The metering motor 45 rotates the screw 43.

The injection motor 46 advances and retracts the screw 43. The rotary motion of the injection motor 46 is converted into a linear motion of the screw 43 by the motion conversion mechanism 51. As shown in FIG. 3, the motion converting mechanism 51 has a screw shaft 52 and a screw nut 53 screwed onto the screw shaft 52. A ball or a roller may be interposed between the screw shaft 52 and the screw nut 53.

The injection motor 46 and the motion conversion mechanism 51 are arranged symmetrically with respect to the center line of the cylinder 41 and the screw 43 when viewed from above. The number of injection motors 46 and the number of motion conversion mechanisms 51 are not particularly limited, and may be one, for example.

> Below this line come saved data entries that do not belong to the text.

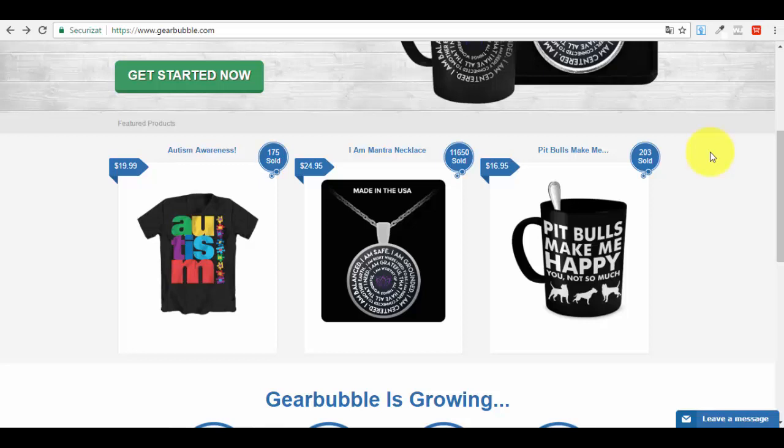Hello guys and thank you very much for joining me in this short series where I will show you how you can use GearBubble, a very popular website platform, to generate an online income and build an online business out of creating different types of designs and selling them on different types of products like coffee mugs, t-shirts, necklaces, and other products like that.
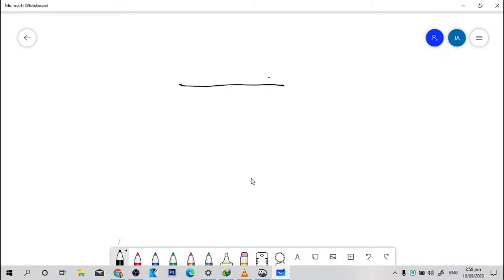Now, say for example, we have a vector right here, we call it vector A. And there's another vector right here, and we call it vector B.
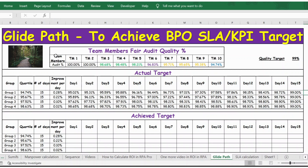Hello everyone, welcome back. In this video, let's see how to use a glide path to achieve a BPO SLA or KPA target. We have a situation where we need to meet a minimum 99% quality target.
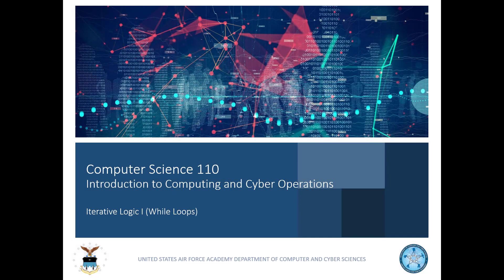Greetings and welcome to our lesson on iterative logic. We're going to do a lot of videos on iterative logic and it's easy to get intimidated, but all iterative logic really means in computer science speak is loops.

The pressure detector 47 is provided in the force transmission path between the injection motor 46 and the screw 43, and detects the load acting on the pressure detector 47. The pressure detector 47 sends a signal indicating the detection result to the control device 90. The detection result of the pressure detector 47 is used for controlling and monitoring the pressure that the screw 43 receives from the molding material, the back pressure on the screw 43, the pressure acting on the molding material from the screw 43, and the like.

The injection device 40 performs a filling process, a pressure-holding process, a measuring process, and the like under the control of the control device 90.

In the filling step, the injection motor 46 is driven to move the screw 43 forward at a set speed, and the liquid molding material accumulated in front of the screw 43 is filled in the cavity space in the mold device. The position and speed of the screw 43 are detected by using the encoder of the injection motor 46, for example. The encoder of the injection motor 46 detects the rotation of the injection motor 46 and sends a signal indicating the detection result to the control device 90. When the position of the screw 43 reaches the set position, switching from the filling process to the pressure holding process (so-called V/P switching) is performed. The set speed of the screw 43 may be changed according to the position and time of the screw 43.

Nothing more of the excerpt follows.